The tall, communal space of a gazebo or pergola might be just the thing. Such a structures can provide an enchanting location to lounge and enjoy nature from beneath the shade of its roof. Contrary to what you might think, there are ways to achieve that look that don’t require calling in the services of a carpenter or artisan woodworker and like a piece of furniture, might fit in a box.
What is a gazebo kit?
Maybe you can figure out what it is from the name, but a gazebo kit is the name for a box or several that comes filled with all the materials and instructions you’ll need to build your very own gazebo. It might come with pre-fabricated and assembled parts that need to be joined and put together or it might be more complex and the instructions might call for assembling individual beams and slats one-by-one. You’ll get what you pay for in that respect, and the more intricate the design, the less likely you’ll want to rely on your own skills to put it together. You’re also going to have to have some of your own tools to finish the job, though specialty jobs might come with cheap versions of tools to help finish the job.
Where can I find them?
The short answer for where to look for such a kit would be online. “Big box” home improvement stores certainly may sell them, but even then you’re likely to only be able to place an order for delivery. Depending on the size and materials used, the boxes may not fit in even the largest of personal vehicles, the store may not maintain a stock, and if the price is significant enough, delivery may be built into the price. Your best bet may be to do some shopping around online beforehand anyway.
What do you need?
When shopping for a gazebo kit, decide how much labor you’ll be able to put into its assembly before purchasing. Some kits are work-intensive, arriving with holes pre-drilled in appropriate places but requiring more labor than simply screwing a handful of parts together. Some kits may be much more simple and depending on the materials, might not be truly permanent structures. If you’re looking for something that’s going to stand up to weather exposure and time, then you’ll most likely be in for more work.

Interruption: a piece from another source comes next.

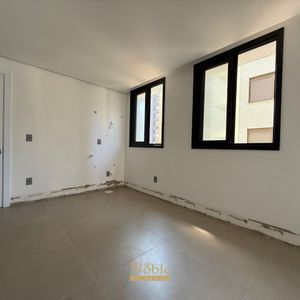 Apartamento com 98m², 2 dormitórios, 2 suítes, 1 vaga no Praça Quatro em Torres para Comprar
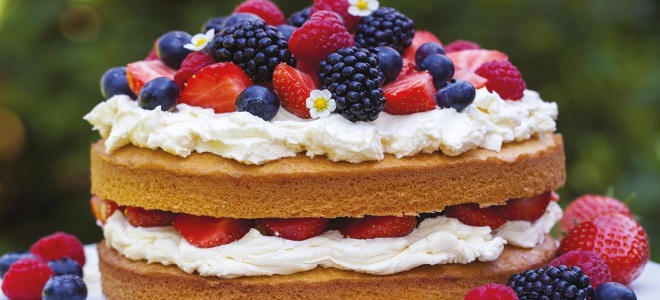 как украсить торт фруктами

Before the gazebo kit arrives to your home, prepare the space in your backyard where you’d like to place your new gazebo. It’s best to select a clear, unrooted area that does not have trees near its radius. It’s also wise to check your local building code requirements for outdoor structures before you begin construction of your gazebo to ensure that you will not require a permit. You can be almost sure that if your gazebo is going to connect to the house, you’ll need one. There may also be homeowner association rules to follow in some cases.
When the gazebo kit arrives, open the box and examine the materials to make sure you have every piece you need to assemble your gazebo properly. Though there’s usually a built in overage to account for some of the smaller parts, wood can sometimes be damaged during transport or a key piece of the structure might have an unfortunately placed knot that slipped past quality control. Make sure there aren’t splits and be sure to read the instructions in case there’s some outdoor acclimation that the wood needs to go through before assembly.
Each kit will be different from the materials used to the instruction steps to put it together. If you’ve got the proper tools and done the proper prepping, most kits (since gazebos are traditionally open on many sides) can be put together in just one afternoon, but it’s a good idea to work with a partner to make the work go more smoothly and to help hold parts together properly for assembly.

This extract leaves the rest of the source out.